GRAIN CALLS
Corn: 4 to 6 cents higher.
Soybeans: 17 to 20 cents higher.
Wheat: Winter wheat steady to 2 cents higher; HRS steady to 2 cents lower.
GENERAL COMMENTS: Soybeans led strength overnight amid a U.S. and China 90-day reduction on tariffs. Corn followed to the upside, while winter wheat futures saw relative weakness and forged fresh contract lows. Some profit-taking is possible after the open given big overnight moves, especially in soybeans. Stock futures surged overnight as S&P 500 futures are trading at the highest level since early March. Front-month crude oil futures are sharply higher this morning as well, up over $2.00. The U.S. dollar index is up around 1250 points.
USDA reported daily sales of 120,000 MT of soybeans for delivery to Mexico, with 24,000 MT being shipped in 2024-25 and the remaining 96,000 MT for delivery in 2025-26.

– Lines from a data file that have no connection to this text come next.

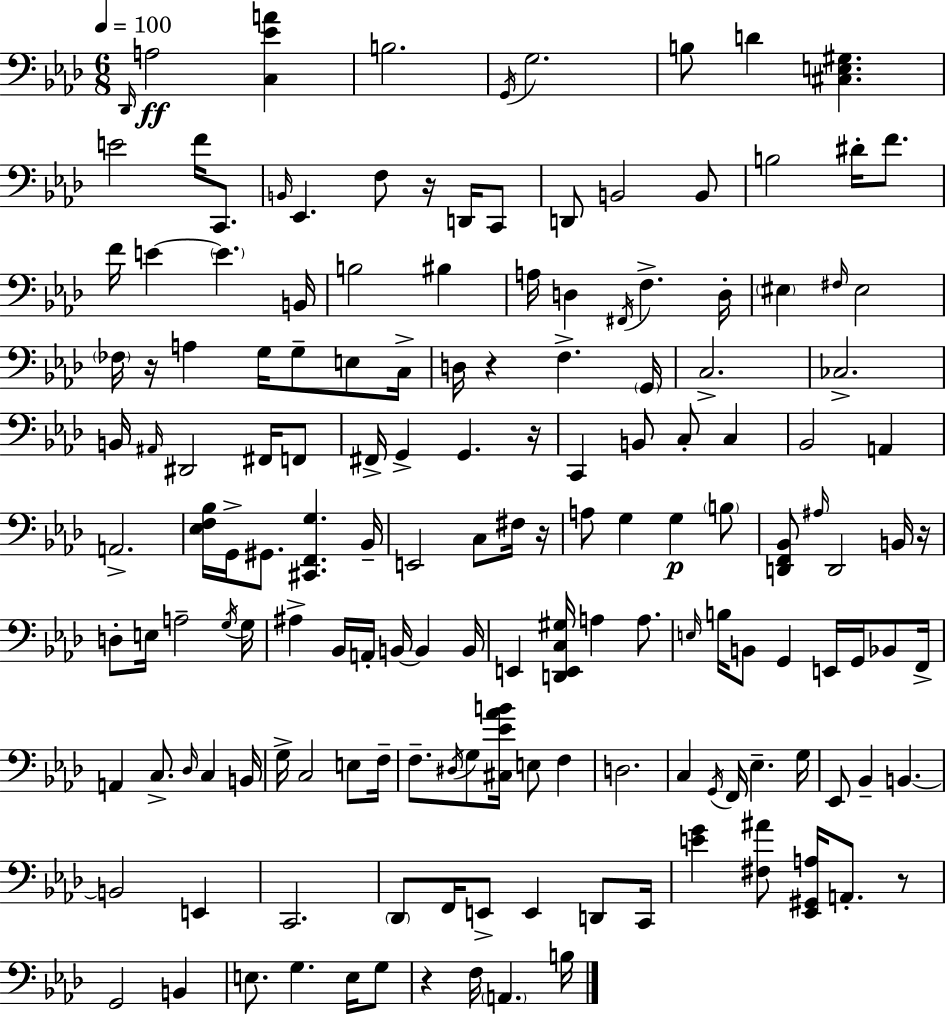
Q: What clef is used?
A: bass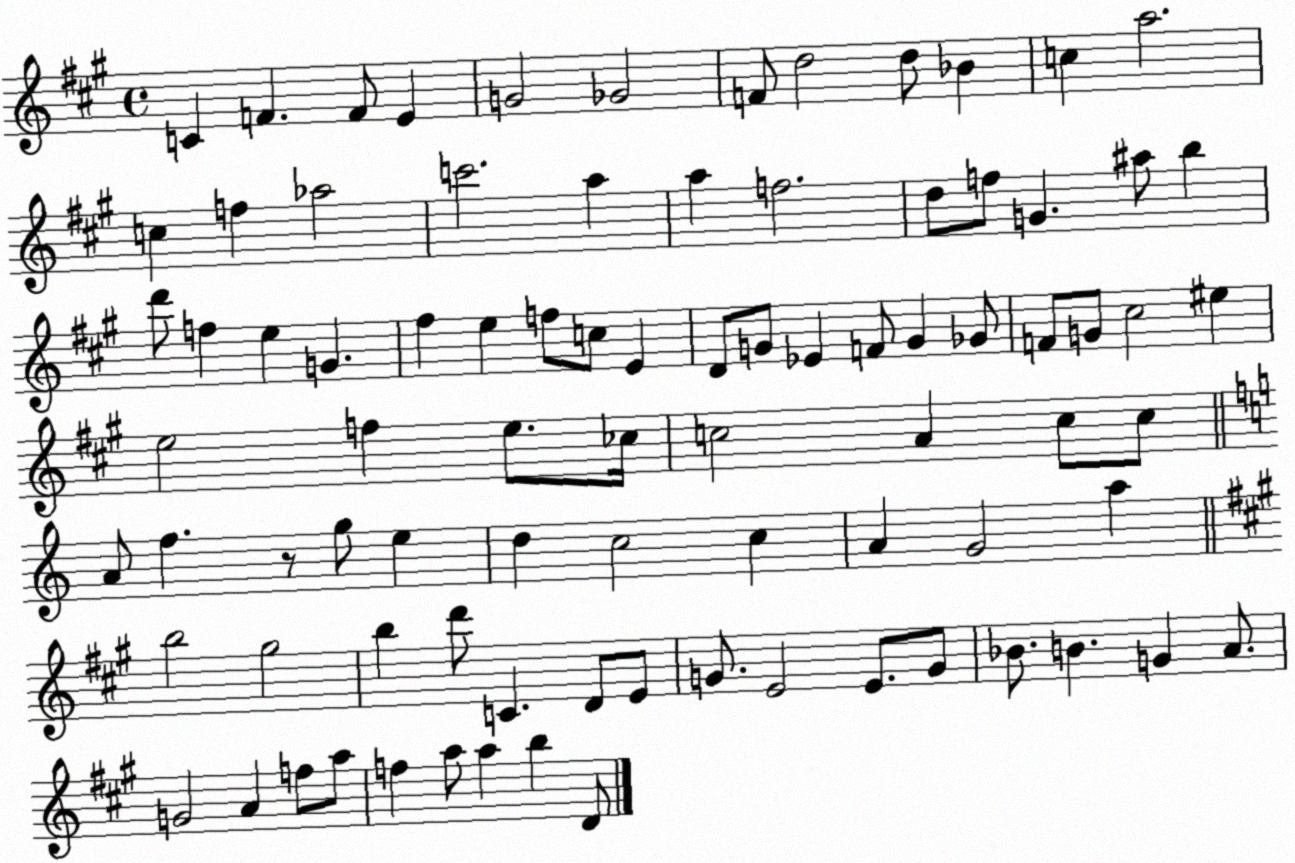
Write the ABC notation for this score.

X:1
T:Untitled
M:4/4
L:1/4
K:A
C F F/2 E G2 _G2 F/2 d2 d/2 _B c a2 c f _a2 c'2 a a f2 d/2 f/2 G ^a/2 b d'/2 f e G ^f e f/2 c/2 E D/2 G/2 _E F/2 G _G/2 F/2 G/2 ^c2 ^e e2 f e/2 _c/4 c2 A c/2 c/2 A/2 f z/2 g/2 e d c2 c A G2 a b2 ^g2 b d'/2 C D/2 E/2 G/2 E2 E/2 G/2 _B/2 B G A/2 G2 A f/2 a/2 f a/2 a b D/2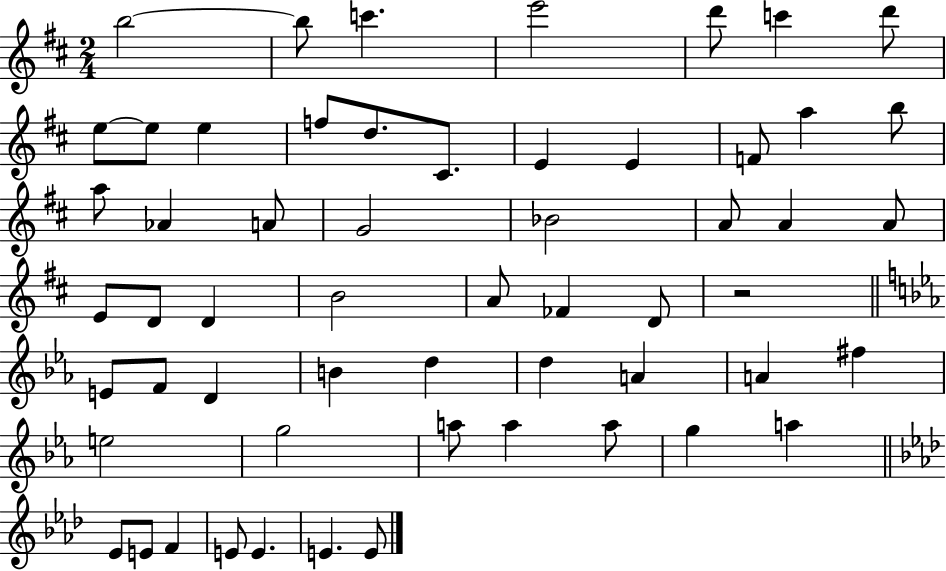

The U.S. and China have agreed to dramatically reduce tariffs on each other’s goods for a 90-day period following high-level talks in Geneva, Switzerland. U.S. tariffs on Chinese imports will drop from 145% to 30%, while Chinese tariffs on U.S. goods will be reduced from 125% to 10%. The tariff reductions take effect on Wednesday and apply to most of the duties imposed in April, covering a wide range of consumer and industrial goods. Negotiators agreed to meet regularly over the next three months. The spotlight now shifts to whether both sides can convert the 90-day window into a durable deal.
Japanese Prime Minister Shigeru Ishiba signaled that increasing corn imports from the U.S. would be among options in trade negotiations with Washington, but warned Japan would never sacrifice its agriculture industry to obtain lower auto tariffs. Japan has made little headway in two rounds of trade talks with the United States. Agreeing to buy more corn is a less controversial option for Japan than increasing rice imports. Japan’s top trade negotiator, Ryosei Akazawa, said he won’t waver in his demand for the U.S. to eliminate all the tariffs imposed by the Trump administration.
USDA will release its Supply & Demand and Crop Production Reports at 11:00 a.m. CT. They will feature updates to the old-crop balance sheets and the first official look at the 2025-26 marketing year, including USDA’s initial winter wheat production estimate and new-crop corn and soybean production projections based on March planting intentions and trendline yields. Click here to view pre-report expectations.
CORN: July corn futures followed soybeans higher overnight. Resistance comes in at the 10-day moving average at $4.59 1/2 on continued strength. Support comes in at $4.50 then $4.47 1/2 on a reversal back lower.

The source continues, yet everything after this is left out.